╔══

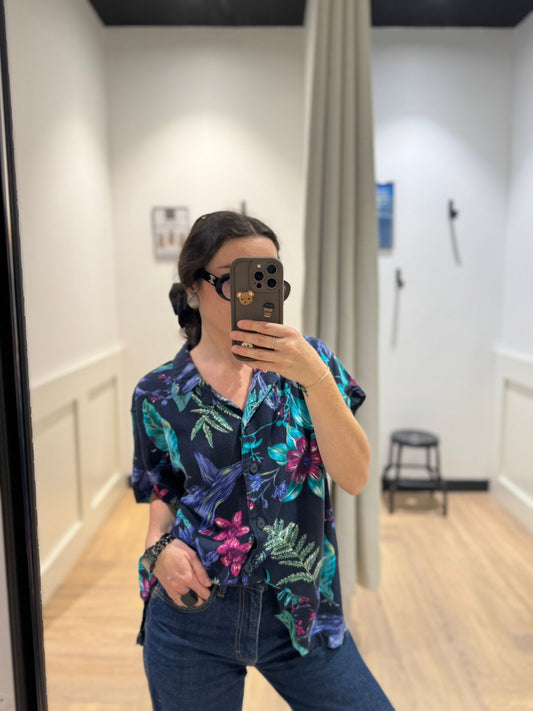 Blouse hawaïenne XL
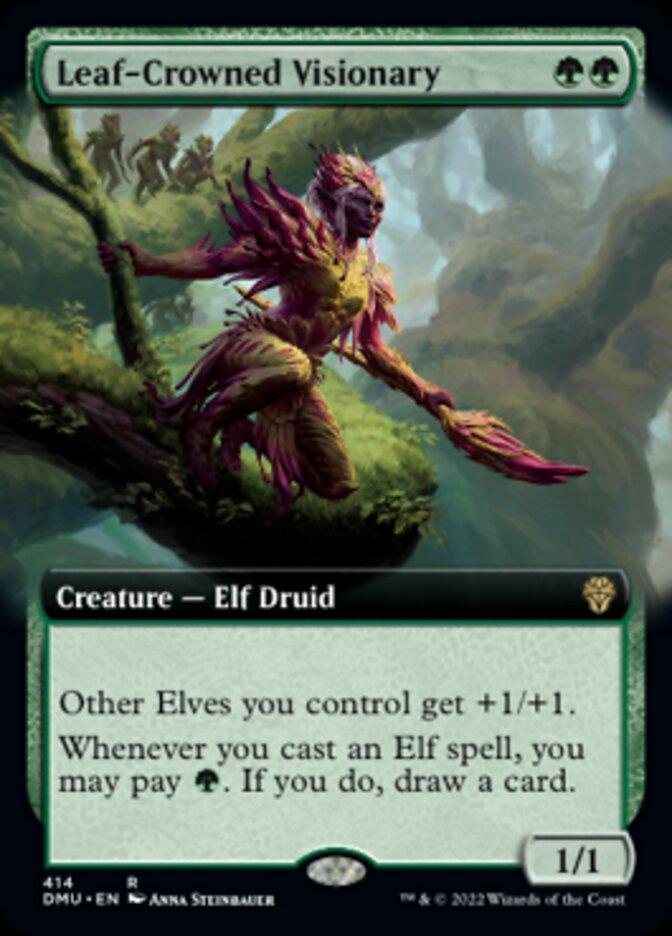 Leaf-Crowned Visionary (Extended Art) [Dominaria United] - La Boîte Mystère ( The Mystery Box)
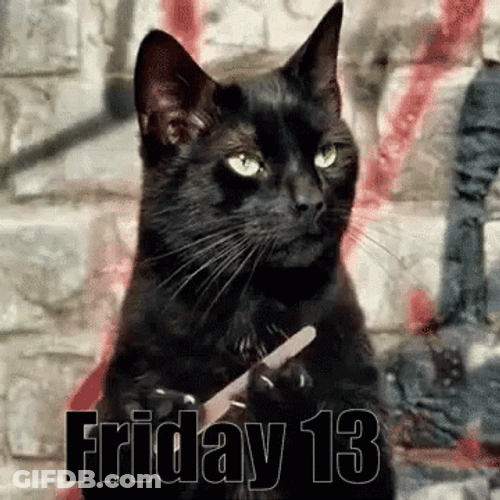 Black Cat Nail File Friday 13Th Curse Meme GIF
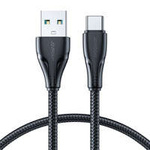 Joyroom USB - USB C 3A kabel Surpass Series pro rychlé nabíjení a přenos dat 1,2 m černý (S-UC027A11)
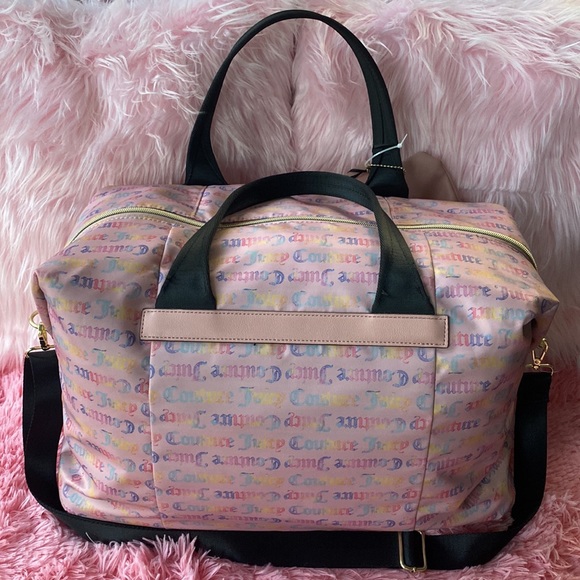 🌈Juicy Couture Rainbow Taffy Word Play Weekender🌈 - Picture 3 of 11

╚══

Print each record exactly as it stands, leaving the images out.

 Blouse hawaïenne XL
 Leaf-Crowned Visionary (Extended Art) [Dominaria United] - La Boîte Mystère ( The Mystery Box)
 Black Cat Nail File Friday 13Th Curse Meme GIF
 Joyroom USB - USB C 3A kabel Surpass Series pro rychlé nabíjení a přenos dat 1,2 m černý (S-UC027A11)
 🌈Juicy Couture Rainbow Taffy Word Play Weekender🌈 - Picture 3 of 11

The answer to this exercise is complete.